Trump running mate JD Vance makes speech appealing to America's 'forgotten communities'
JD Vance officially accepted his party's nomination for vice president, as ITV News' US correspondent Dan Rivers reports.
Donald Trump’s running mate took to the stage at the Republican National Convention (RNC) on Wednesday night, sharing his story of his upbringing and making the case that his party best understands the challenges facing struggling Americans.
JD Vance was catapulted into the spotlight when he was named as the former president's choice to run alongside him on the ticket in the US election on November 5.
He delivered the second most important speech of the week after Trump’s own due on Thursday, describing his hard-set childhood and appealing to "forgotten communities".
He said: “To the people of Middletown, Ohio, and all the forgotten communities in Michigan, Wisconsin, Pennsylvania and Ohio, and every corner of our nation, I promise you this - I will be a vice president who never forgets where he came from.”
Speaking to a packed arena at the RNC, the Ohio senator's speech was geared towards Rust Belt voters who helped drive Trump’s surprise 2016 victory, voicing their anger and frustration.
“In small towns like mine in Ohio, or next door in Pennsylvania, or in Michigan, in states all across our country, jobs were sent overseas and children were sent to war,” he said.
Vance grew up poor in Kentucky and Ohio, his mother addicted to drugs and his father absent.
He later joined the Marines, graduated from Yale Law School, and went on to the highest levels of US politics.
“Never in my wildest imagination could I have believed that I’d be standing here tonight,” he said.
Vance, who had never previously attended a Republican convention, used his speech to criticise Biden, using his relative youth to draw a contrast with the 81-year-old president.
He said: “Joe Biden has been a politician in Washington as long as I’ve been alive.
“For half a century, he’s been a champion of every single policy initiative to make America weaker and poorer.”
Biden’s campaign responded with a blistering statement calling Vance “unprepared, unqualified, and willing to do anything Donald Trump demands.”
At 39, Vance is one of the youngest people ever to serve on a presidential ticket and he’s only been in the Senate for less than two years.
He is already being cast as a heir to Trump's 'Make America Great Again' movement.
Vance’s priority for his first major appearance was to avoid any mistakes that derail a disciplined convention and avoid overshadowing Trump.
But win or lose in November, Vance is going to be a fixture in US politics in the coming years and his speech represented a defining moment for his career.
Vance, the author of the infamous memoir Hillbilly Elegy was elected to the Senate in 2022 after receiving a boost from Trump in a contentious Republican primary.
It was a reversal from just six years earlier.

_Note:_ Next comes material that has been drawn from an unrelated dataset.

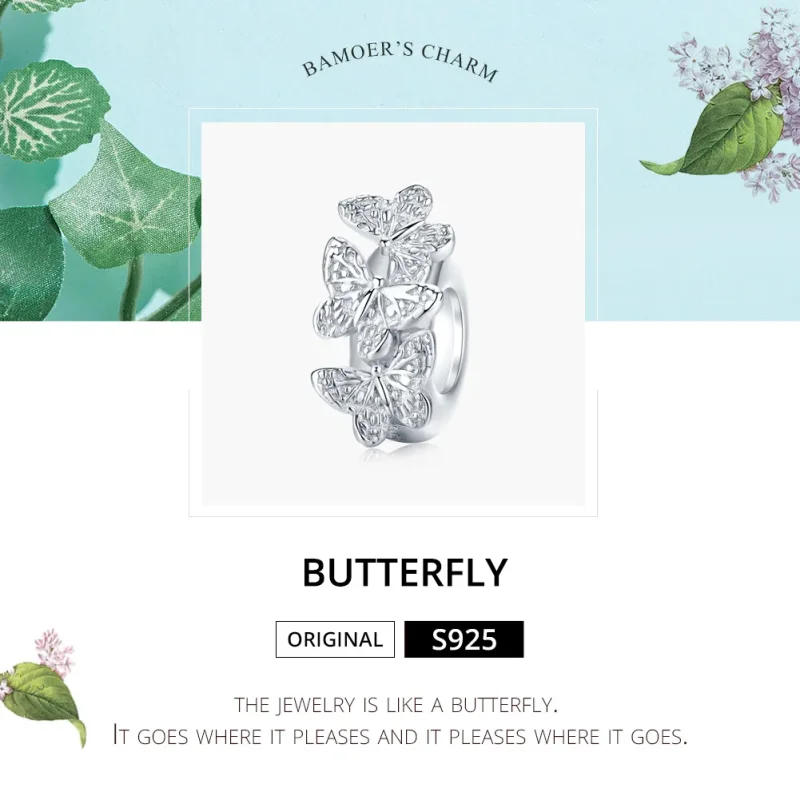 (bilde for) Pandora Style Silver Butterfly Spacer Charm - BSC120 - Vis 5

Vance was a key voice in the “Never Trump” movement during the 2016 election and has a well-documented history of opposing the former president publicly.
He earned Trump’s endorsement in the 2022 Ohio Republican Senate primary after a concerted yearlong effort by Vance to embrace a new image as a leading MAGA (Make America Great Again) proponent, courting the former president at meetings in Mar-a-Lago and through appearances on Fox News.
In a display of loyalty, Vance was one of several potential running mates and Republican lawmakers to stand by Trump’s side at a New York courthouse during his criminal hush money trial.